Form 1 NATIONAL RAILROAD ADJUSTMENT BOARD
THIRD DIVISION
Award No. 42182 Docket No. MW-41629 15-3-NRAB-00003-110288
The Third Division consisted of the regular members and in addition Referee Andria S. Knapp when award was rendered.
(Brotherhood of Maintenance of Way Employes Division ( IBT Rail Conference
PARTIES TO DISPUTE: (
(Union Pacific Railroad Company
STATEMENT OF CLAIM:
"Claim of the System Committee of the Brotherhood that:
(1) The Agreement was violated when the Carrier failed to assign Mr. D. Swane to provide on-track safety protection for a contractor operating a Hy-Tracker machine on the Gila Subdivision between Mile Posts 894 and 897.5 on February 8, 2010 and instead assigned junior employe G. Jameson (System File R-1035U-306/1533795).
(2) As a consequence of the violation referred to in Part (1) above, Claimant D. Swane shall now be compensated for thirteen (13) hours at his applicable overtime rate of pay."
FINDINGS:
The Third Division of the Adjustment Board, upon the whole record and all the evidence, finds that:
The carrier or carriers and the employee or employees involved in this dispute are respectively carrier and employee within the meaning of the Railway Labor Act, as approved June 21, 1934.
This Division of the Adjustment Board has jurisdiction over the dispute involved herein.
Parties to said dispute were given due notice of hearing thereon.
On Monday, February 8, 2010, the Carrier decided to assign a Maintenance of Way employee to perform overtime flagging duties in connection with on-track grade work being performed by a contractor operating a hy-tracker machine between Mile Posts 894 and 897.5 on the Gila Subdivision.
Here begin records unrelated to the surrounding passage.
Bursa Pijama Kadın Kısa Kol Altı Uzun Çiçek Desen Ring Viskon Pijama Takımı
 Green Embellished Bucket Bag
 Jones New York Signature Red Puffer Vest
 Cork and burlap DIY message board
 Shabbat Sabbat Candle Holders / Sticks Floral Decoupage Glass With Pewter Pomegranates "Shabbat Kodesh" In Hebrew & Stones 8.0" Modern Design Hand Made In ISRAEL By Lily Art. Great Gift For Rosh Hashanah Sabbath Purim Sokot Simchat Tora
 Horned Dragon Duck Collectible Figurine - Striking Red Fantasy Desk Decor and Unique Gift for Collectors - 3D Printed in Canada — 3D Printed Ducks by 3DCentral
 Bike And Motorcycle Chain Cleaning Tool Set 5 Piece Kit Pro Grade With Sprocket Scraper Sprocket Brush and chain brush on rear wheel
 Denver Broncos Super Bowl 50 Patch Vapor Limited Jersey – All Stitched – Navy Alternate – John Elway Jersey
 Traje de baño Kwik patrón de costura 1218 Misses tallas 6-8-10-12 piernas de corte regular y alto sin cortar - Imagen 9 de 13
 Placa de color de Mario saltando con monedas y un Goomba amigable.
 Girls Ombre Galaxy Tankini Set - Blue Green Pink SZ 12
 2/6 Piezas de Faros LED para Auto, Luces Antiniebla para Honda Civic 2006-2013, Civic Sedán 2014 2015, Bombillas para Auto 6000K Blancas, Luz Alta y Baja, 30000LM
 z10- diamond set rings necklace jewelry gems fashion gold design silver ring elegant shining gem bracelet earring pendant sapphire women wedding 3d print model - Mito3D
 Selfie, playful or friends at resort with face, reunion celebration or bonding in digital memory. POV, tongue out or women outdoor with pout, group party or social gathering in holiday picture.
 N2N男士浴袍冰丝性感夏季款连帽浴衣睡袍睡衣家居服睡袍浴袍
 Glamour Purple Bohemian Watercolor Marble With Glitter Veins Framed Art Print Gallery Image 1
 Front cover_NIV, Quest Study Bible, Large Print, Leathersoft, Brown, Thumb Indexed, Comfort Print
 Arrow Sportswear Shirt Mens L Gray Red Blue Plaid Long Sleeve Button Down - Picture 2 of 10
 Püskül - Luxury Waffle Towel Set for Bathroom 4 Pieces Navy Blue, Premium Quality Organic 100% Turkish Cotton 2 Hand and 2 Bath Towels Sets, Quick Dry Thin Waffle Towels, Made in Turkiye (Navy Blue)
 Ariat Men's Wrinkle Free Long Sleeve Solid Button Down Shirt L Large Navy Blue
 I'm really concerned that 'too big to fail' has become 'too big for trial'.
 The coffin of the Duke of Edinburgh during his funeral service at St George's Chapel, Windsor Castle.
At the time of the overtime assignment that gave rise to this claim, the Claimant was assigned as a Foreman on Gang 8579. One of the job duties he regularly performed was flagging. The employee to whom the overtime work was assigned, R. T. Jameson, holds seniority as a System Semi-Truck Operator and was regularly assigned as such on Gang 8575. Flagging is not one of the usual and customary job duties of a Semi-Truck Operator. Instead of calling the Claimant to perform the overtime, the Carrier instead assigned the work to Jameson, who expended a total of 13 hours on the assignment, all of which were paid at the time and one-half rate of pay.
The Organization filed this claim alleging that the Claimant, as the senior employee regularly assigned to perform flagging duties, was entitled to be called for the overtime work before it was assigned to Jameson. The Carrier responded that Jameson had been assigned to perform flagging duties and the overtime was merely a carryover from his straight-time assignment.
If in fact Jameson was assigned to flag for the contractor during his straight time hours, Rule 35 of the Agreement would permit the Carrier to assign the overtime to him as a continuation of his straight-time assignment in lieu of calling in another employee, regardless of seniority. The record includes both a statement from the Claimant that the hy-tracker was assigned to his Gang - No. 8579 - and the overtime should have been assigned to someone on Gang 8579 - not Gang 8575. The record also includes two statements from Track Supervisor Brian Zelasney. The first, dated March 30, 2010, stated: "The machine in question is not assigned to Mr. Swane's gang, therefore there is no obligation to have him work the overtime to do the flagging. . . ." The second statement, dated February 16, 2011, is more specific:
"In the said case involving Mr. Jameson flagging for a contracted machine. Mr. Jameson has and was providing the flagging for the contracted hytracker machine, during straight time and overtime hours. Which is assigned to no one particular gang." [Sic]
The statements from the Claimant and Track Supervisor Zelasney are absolutely contradictory, and there is no independent objective evidence to corroborate either one of them. As such, the Board is presented with an irreconcilable conflict in material facts, to wit, whether the hy-tracker was working with Gang 8579 or Gang 8575. Moreover, the Organization did not present any evidence to dispute the Carrier's representation that Jameson had been assigned the overtime continuous with his assignment that day. In view of the foregoing, the Board is constrained to dismiss the claim.
AWARD
Claim dismissed.
ORDER
This Board, after consideration of the dispute identified above, hereby orders that an Award favorable to the Claimant(s) not be made.
NATIONAL RAILROAD ADJUSTMENT BOARD By Order of Third Division
Dated at Chicago, Illinois, this 28th day of October 2015.